The average depth is about 126 ft reaching a maximum of about 316 ft in the centre and the volume of water has been estimated at 5000000000 cuft.

Loch nan Ealachan is a shallow basin up to 8 ft deep joined to the main loch by a strait about 1 ft deep, called Ùidh Dhubh (black ford). This is traversed by a path with stepping stones. The volume of water has been estimated at 13000000 cuft.

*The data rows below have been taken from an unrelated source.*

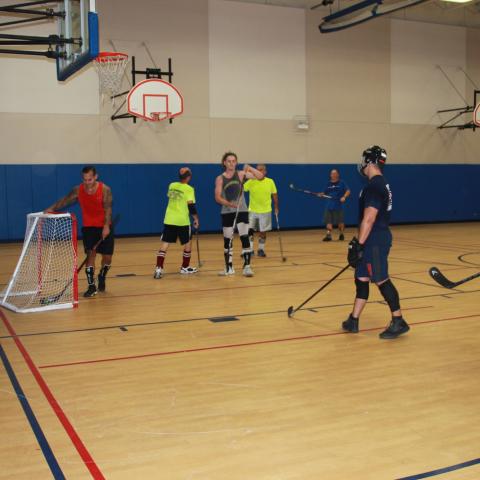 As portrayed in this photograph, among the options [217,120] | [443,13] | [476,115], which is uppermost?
[443,13]

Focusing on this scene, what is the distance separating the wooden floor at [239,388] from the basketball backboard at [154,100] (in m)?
8.22

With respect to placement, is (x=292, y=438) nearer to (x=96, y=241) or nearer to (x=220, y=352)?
(x=220, y=352)

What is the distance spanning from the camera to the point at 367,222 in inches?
208

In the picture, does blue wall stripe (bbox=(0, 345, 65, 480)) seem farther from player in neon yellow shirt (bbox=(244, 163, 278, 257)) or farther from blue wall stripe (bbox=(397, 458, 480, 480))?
player in neon yellow shirt (bbox=(244, 163, 278, 257))

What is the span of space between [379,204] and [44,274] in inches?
231

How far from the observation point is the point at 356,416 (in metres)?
3.71

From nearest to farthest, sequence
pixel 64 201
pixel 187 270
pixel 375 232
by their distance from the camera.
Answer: pixel 375 232, pixel 64 201, pixel 187 270

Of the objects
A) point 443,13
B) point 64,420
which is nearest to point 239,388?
point 64,420

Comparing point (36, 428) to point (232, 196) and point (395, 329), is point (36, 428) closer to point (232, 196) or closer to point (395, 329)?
point (395, 329)

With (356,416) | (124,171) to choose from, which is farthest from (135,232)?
(356,416)

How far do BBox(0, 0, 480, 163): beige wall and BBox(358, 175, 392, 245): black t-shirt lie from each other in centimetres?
1252

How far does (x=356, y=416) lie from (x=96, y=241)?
5038 millimetres

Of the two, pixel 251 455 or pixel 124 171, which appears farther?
pixel 124 171

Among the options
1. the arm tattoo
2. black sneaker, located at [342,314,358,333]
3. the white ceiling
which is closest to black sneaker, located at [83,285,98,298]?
the arm tattoo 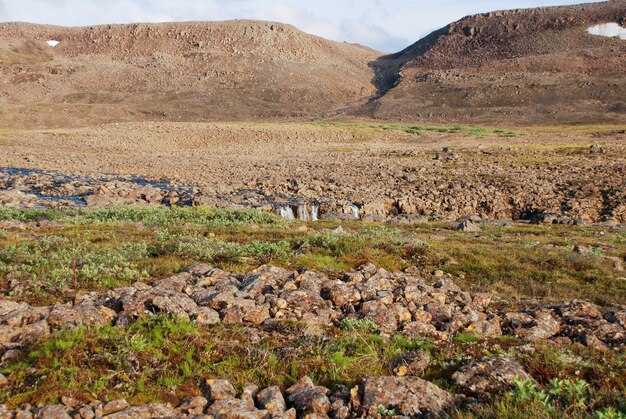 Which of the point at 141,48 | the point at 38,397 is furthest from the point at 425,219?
the point at 141,48

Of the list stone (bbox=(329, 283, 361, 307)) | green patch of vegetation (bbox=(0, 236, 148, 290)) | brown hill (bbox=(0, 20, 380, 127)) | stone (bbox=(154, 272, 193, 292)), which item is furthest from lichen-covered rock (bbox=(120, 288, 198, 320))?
brown hill (bbox=(0, 20, 380, 127))

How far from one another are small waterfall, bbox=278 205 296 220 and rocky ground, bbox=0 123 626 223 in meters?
0.12

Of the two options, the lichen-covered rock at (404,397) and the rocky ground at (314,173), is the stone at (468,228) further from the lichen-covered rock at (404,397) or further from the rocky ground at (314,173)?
the lichen-covered rock at (404,397)

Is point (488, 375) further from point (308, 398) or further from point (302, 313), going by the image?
point (302, 313)

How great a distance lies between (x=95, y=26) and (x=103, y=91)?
108 feet

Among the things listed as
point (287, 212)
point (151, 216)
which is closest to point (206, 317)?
point (151, 216)

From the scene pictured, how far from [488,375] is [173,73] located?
99.5 metres

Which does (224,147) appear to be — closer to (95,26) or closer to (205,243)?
(205,243)

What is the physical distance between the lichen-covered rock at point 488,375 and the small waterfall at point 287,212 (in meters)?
18.0

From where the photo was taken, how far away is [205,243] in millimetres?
12141

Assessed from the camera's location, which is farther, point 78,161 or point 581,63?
point 581,63

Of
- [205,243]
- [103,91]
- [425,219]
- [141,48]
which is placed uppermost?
[141,48]

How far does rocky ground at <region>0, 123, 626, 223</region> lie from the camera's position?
78.2 feet

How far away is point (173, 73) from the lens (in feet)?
317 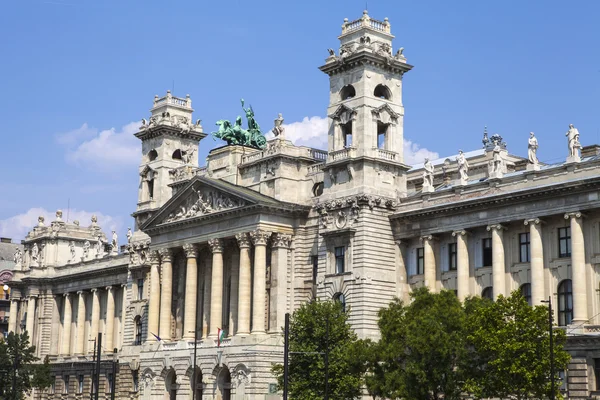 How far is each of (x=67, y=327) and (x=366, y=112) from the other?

Loch More and the Laxford drainage basin

The outflow from Loch More (together with Loch nan Ealachan) is carried by the small river An Earachd, from the north end of Loch nan Ealachan into Loch Stack (Loch Stac), which is about 1 mi north of Loch More. Ben Stack (2364 ft), which rises steeply from the south side of Loch Stack, extends with a lesser incline as far as the hamlet of Achfary ( 154 ft), by the shore of Loch nan Ealachan. The outflow from Loch Stack is the River Laxford, which reaches the sea at Loch Laxford.

There is no village adjacent to the loch apart from the hamlet of Achfary, alongside Loch nan Ealachan.